> _Source data_:
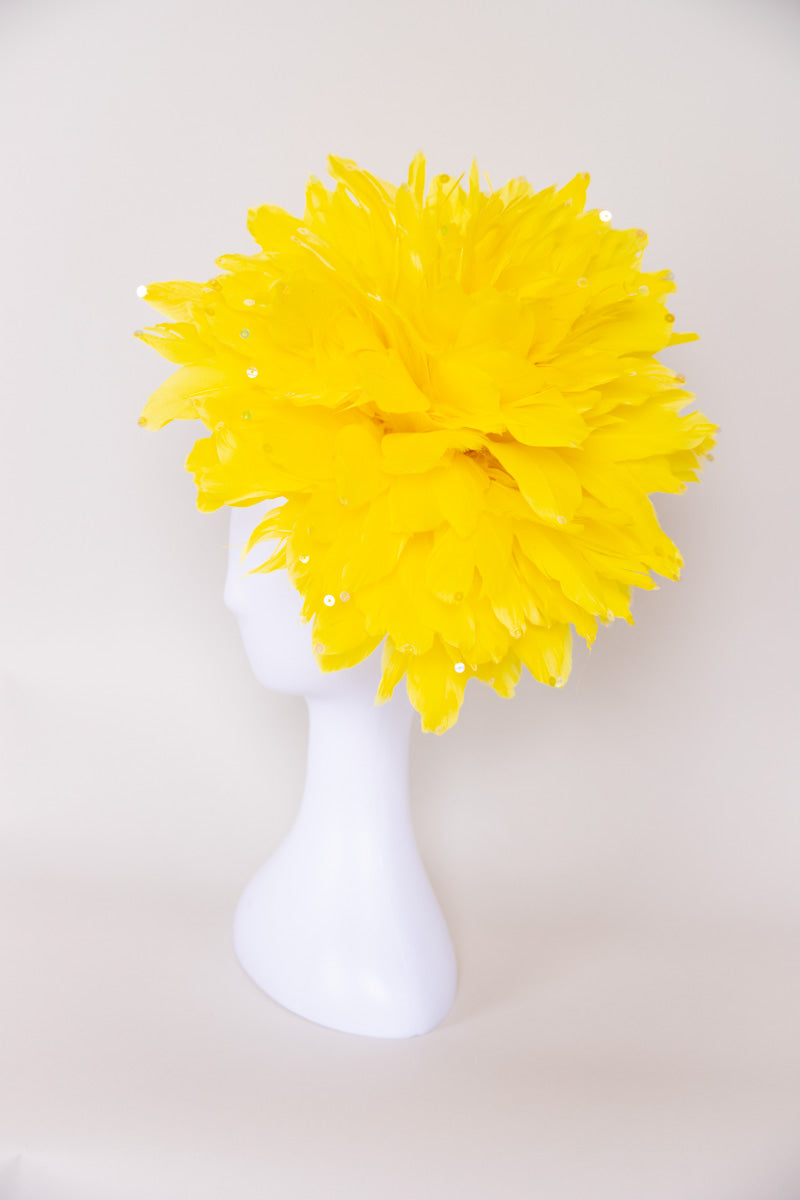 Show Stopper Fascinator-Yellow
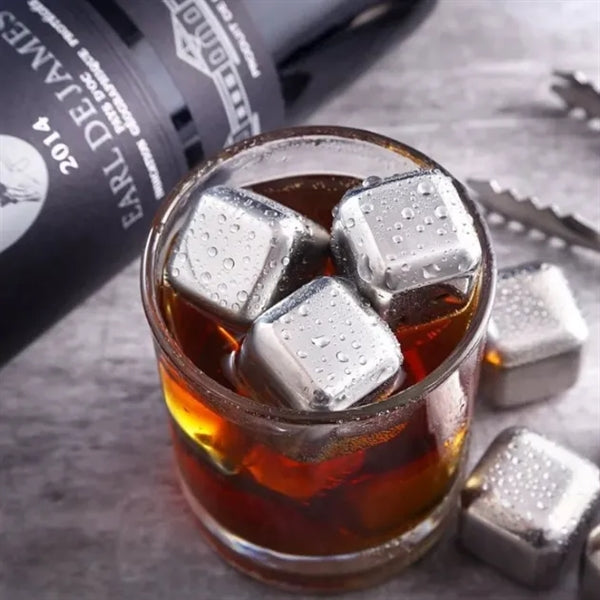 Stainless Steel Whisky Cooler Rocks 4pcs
---
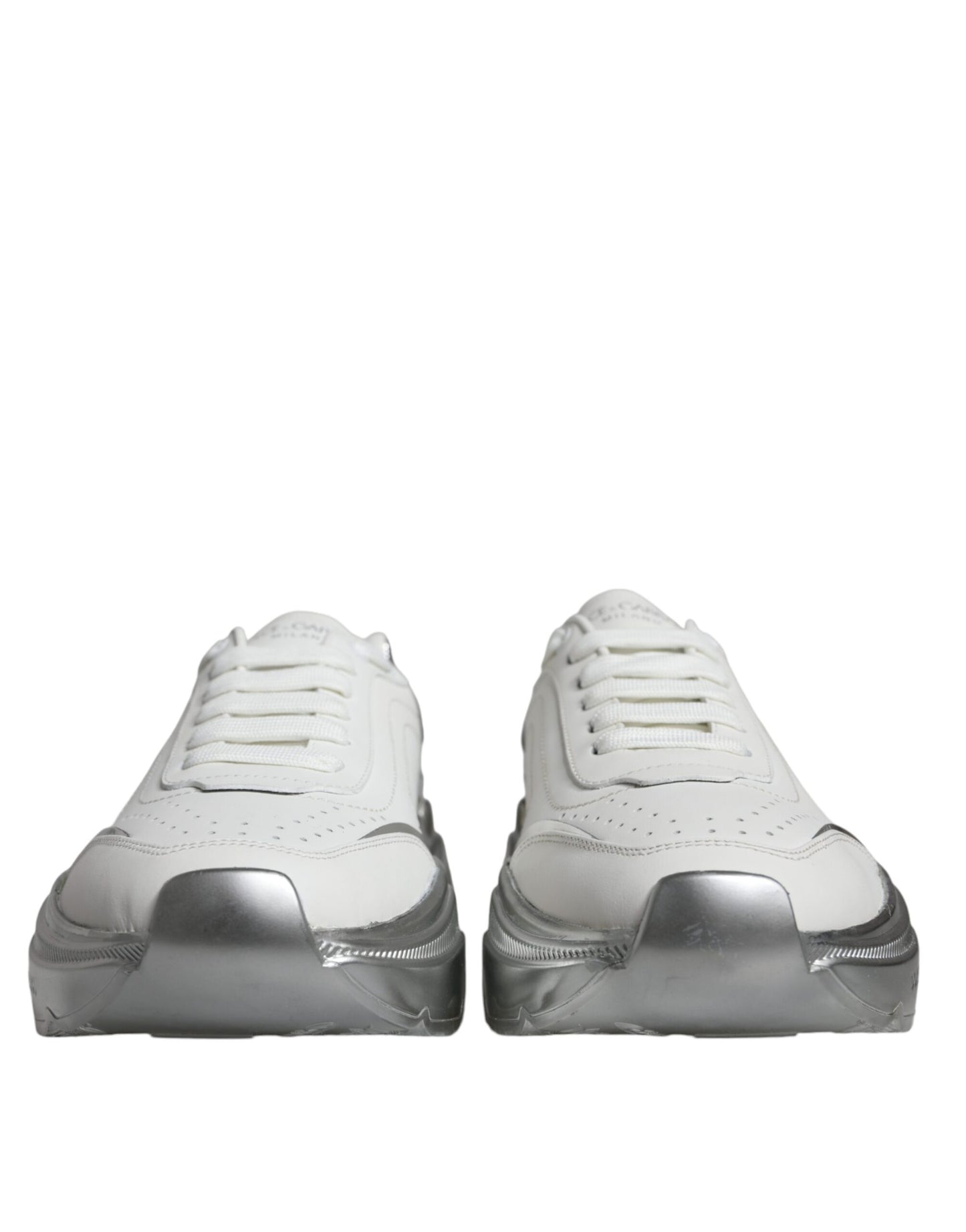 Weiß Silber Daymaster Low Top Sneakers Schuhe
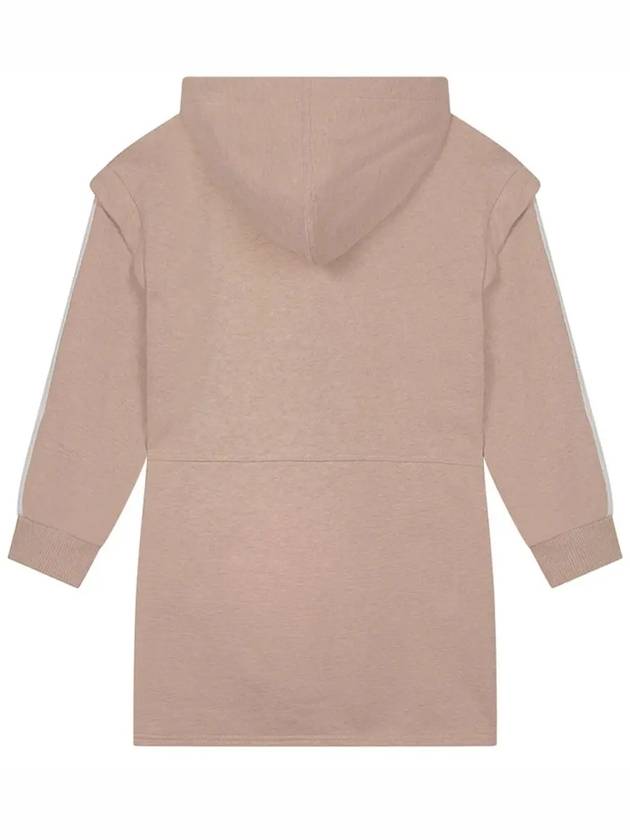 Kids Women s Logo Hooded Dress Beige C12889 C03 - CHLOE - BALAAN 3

> _Your goal_:
Precisely those lines above that run from the line with "Show Stopper Fascinator-Yellow" up to and including the line with "Stainless Steel Whisky Cooler Rocks 4pcs" are to be set down, with the pictures omitted.

> _Answer to the problem_:
 Show Stopper Fascinator-Yellow
 Stainless Steel Whisky Cooler Rocks 4pcs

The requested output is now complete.